On September 26, 2017, our Operating Partnership, as borrower, the Company, as parent guarantor, and each party executing the term loan documentation as a subsidiary guarantor, entered into a $225.0 million term loan (the "2017 Term Loan") with KeyBank National Association, as administrative agent, and a syndicate of lenders listed in the loan documentation.

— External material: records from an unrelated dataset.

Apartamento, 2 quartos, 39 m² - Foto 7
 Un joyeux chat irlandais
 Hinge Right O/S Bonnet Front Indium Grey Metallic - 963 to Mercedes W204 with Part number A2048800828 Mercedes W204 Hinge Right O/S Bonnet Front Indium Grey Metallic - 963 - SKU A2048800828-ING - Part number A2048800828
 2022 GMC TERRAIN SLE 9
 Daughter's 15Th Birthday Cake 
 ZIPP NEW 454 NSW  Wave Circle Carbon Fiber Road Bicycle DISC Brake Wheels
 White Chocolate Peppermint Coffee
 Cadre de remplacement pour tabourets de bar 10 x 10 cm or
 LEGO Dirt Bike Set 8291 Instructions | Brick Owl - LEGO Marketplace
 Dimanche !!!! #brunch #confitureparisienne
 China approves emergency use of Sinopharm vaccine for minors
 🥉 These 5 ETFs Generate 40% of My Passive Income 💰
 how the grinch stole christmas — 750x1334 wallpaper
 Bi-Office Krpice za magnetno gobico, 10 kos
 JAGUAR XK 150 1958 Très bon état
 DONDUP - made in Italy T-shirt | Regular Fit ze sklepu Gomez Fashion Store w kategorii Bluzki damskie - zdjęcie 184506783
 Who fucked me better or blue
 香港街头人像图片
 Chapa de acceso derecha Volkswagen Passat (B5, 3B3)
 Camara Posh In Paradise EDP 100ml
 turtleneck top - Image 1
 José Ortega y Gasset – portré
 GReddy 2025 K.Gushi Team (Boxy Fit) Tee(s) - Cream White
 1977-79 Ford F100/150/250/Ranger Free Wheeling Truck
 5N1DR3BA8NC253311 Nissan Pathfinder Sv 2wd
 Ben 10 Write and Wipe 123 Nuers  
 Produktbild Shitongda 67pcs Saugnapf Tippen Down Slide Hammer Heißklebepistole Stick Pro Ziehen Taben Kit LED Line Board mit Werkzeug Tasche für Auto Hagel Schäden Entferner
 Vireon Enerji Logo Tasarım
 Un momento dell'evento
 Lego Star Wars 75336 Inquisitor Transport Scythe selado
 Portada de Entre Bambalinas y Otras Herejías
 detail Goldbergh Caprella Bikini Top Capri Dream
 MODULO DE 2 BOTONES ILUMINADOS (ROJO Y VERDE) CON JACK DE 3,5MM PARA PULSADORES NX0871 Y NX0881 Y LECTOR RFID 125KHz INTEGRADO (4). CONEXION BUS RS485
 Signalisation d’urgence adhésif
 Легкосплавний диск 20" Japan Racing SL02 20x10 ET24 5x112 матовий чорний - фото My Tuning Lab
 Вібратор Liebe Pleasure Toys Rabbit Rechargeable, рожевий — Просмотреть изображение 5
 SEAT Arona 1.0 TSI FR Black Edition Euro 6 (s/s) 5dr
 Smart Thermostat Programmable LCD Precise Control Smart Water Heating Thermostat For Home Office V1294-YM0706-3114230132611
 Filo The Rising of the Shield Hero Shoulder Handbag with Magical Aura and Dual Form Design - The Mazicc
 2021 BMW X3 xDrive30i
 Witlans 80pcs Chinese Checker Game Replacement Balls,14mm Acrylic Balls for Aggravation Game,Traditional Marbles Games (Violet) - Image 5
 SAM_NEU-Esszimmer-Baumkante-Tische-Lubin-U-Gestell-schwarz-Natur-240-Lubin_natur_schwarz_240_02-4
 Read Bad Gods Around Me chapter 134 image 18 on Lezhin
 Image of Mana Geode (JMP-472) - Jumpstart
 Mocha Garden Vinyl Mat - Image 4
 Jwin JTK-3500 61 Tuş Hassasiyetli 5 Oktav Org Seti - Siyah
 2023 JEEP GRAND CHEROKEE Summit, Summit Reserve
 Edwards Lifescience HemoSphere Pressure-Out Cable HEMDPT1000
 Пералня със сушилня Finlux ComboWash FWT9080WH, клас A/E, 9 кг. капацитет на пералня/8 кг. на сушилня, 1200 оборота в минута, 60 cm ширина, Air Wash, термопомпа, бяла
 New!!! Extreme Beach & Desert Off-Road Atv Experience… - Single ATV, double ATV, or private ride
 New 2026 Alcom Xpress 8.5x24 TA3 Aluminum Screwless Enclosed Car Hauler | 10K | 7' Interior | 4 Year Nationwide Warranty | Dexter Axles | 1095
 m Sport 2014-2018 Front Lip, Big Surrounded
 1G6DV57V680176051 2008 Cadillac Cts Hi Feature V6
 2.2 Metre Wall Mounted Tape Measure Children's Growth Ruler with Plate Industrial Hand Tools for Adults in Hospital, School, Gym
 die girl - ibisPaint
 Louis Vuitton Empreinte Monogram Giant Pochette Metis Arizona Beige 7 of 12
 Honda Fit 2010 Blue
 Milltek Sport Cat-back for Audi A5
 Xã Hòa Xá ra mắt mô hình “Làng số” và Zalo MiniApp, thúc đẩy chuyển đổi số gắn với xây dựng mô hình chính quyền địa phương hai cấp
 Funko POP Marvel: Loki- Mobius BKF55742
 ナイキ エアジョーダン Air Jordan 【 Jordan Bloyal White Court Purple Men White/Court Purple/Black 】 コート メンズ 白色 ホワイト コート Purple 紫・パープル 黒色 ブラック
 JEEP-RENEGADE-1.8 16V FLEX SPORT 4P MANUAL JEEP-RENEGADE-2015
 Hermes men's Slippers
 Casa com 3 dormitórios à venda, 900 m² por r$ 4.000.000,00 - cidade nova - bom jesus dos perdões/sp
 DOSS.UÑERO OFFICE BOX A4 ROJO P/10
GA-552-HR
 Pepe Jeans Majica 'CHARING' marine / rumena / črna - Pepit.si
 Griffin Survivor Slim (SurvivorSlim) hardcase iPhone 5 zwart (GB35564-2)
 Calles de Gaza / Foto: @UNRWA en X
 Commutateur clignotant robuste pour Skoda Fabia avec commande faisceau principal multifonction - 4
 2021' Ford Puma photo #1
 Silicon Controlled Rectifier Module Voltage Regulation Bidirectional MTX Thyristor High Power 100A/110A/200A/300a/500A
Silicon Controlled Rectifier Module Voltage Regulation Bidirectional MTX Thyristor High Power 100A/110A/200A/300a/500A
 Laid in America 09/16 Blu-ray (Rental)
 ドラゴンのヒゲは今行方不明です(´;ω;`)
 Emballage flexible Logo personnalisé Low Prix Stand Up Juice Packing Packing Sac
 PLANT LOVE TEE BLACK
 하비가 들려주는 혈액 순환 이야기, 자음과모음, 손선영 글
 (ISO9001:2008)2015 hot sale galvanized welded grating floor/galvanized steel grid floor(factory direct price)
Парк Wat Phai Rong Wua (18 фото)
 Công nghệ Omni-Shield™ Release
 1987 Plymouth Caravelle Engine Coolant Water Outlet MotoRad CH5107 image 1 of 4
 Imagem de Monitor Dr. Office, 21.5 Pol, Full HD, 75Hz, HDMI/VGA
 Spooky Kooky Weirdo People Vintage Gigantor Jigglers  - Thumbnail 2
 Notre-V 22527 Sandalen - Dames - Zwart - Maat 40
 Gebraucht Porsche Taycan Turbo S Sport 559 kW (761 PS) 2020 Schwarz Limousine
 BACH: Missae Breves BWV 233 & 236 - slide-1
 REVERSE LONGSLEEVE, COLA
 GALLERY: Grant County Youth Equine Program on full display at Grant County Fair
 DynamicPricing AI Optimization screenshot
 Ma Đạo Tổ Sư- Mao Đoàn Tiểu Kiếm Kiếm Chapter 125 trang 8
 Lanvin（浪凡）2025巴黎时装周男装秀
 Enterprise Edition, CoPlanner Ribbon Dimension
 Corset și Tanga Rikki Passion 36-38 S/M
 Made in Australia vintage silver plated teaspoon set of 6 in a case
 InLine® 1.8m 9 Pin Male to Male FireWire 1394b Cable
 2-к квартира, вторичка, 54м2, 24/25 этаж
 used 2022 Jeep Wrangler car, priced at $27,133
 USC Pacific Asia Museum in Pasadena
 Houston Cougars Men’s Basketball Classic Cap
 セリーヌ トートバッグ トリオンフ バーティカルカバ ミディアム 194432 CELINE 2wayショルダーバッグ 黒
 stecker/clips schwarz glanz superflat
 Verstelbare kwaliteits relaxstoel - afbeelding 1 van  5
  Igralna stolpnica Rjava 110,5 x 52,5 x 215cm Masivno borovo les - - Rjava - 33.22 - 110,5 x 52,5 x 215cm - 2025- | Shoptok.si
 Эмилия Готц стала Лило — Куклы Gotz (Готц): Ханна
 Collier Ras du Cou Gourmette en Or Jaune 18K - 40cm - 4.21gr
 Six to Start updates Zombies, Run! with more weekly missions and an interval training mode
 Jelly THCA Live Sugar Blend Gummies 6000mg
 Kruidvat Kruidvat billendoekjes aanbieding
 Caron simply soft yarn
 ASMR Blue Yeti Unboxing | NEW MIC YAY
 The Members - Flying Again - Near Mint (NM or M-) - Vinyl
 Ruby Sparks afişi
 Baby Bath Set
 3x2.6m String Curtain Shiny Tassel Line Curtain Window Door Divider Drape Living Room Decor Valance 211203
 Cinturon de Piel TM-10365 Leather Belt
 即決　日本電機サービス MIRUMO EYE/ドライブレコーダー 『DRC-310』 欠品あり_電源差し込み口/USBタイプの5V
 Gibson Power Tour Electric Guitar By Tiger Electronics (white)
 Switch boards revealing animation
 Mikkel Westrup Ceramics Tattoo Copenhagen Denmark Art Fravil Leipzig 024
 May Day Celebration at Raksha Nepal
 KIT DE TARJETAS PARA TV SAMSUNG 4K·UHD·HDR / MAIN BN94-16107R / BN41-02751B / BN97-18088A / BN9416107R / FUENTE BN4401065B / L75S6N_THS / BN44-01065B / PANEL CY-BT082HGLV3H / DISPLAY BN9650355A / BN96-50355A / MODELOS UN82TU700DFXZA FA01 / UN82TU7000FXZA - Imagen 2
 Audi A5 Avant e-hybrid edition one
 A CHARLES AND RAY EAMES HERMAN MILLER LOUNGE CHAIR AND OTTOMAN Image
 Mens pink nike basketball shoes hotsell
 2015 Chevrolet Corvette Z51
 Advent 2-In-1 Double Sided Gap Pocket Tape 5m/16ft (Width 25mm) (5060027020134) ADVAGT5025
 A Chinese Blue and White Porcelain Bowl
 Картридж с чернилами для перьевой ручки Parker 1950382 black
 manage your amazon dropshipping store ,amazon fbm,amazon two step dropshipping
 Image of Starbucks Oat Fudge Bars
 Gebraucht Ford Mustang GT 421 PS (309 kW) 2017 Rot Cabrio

Second, Third, Fourth and Fifth Amendments to $225.0 Million 2017 Term Loan

The Operating Partnership, as borrower, the Company, as parent guarantor, and each party executing the credit facility documentation as a subsidiary guarantor entered into the Second Amendment to the Credit Agreement (the “Second 2017 Term Amendment”), the Third Amendment to the Credit Agreement (the "Third 2017 Term Amendment"), the Fourth Amendment to the Credit Agreement (the "Fourth 2017 Term Amendment") and the Fifth Amendment to the Credit Agreement (the "Fifth 2017 Term Amendment") of the Operating Partnership’s 2017 Term Loan with KeyBank National Association, as administrative agent, and a syndicate of lenders on May 7, 2020, August 6, 2020, January 6, 2021 and February 5, 2021, respectively. The changes to the 2017 Term Loan effected by the Second 2017 Term Amendment, Fourth 2017 Term Amendment and Fifth 2017 Term Amendment are substantially similar to the changes described above effected by the First Amendment, Second Amendment and Third Amendment to the Company’s 2018 Senior Credit Facility.

The 2017 Term Loan has an accordion feature which allows us to increase the total commitments by an aggregate of $175.0 million prior to the maturity date, subject to certain conditions. The 2017 Term Loan matures on November 25, 2022.

We pay interest on advances at varying rates, based upon, at our option, either (i) 1-, 2-, 3-, or 6-month LIBOR, plus a LIBOR margin between 1.45% and 2.25%, depending upon our leverage ratio (as defined in the loan documents). The pricing grid was modified under the Second 2017 Term Amendment and Third 2017 Term Amendment such that during the Amendment Period the applicable margin will be set at Pricing Level VI, as defined in the 2017 Term Loan documents. We are required to pay other fees, including customary arrangement and administrative fees. The interest rate at December 31, 2020 was 2.45%.

Financial and Other Covenants. We are required to comply with a series of financial and other covenants to draw and maintain borrowings under the 2017 Term Loan. The Second 2017 Term Amendment and Fifth 2017 Term Amendment provide that certain financial and other covenants under the 2017 Term Loan were waived or adjusted, which waivers and adjustments are the same as under the amendments to the Company’s 2018 Senior Credit Facility. At December 31, 2020, we were in compliance with all financial covenants.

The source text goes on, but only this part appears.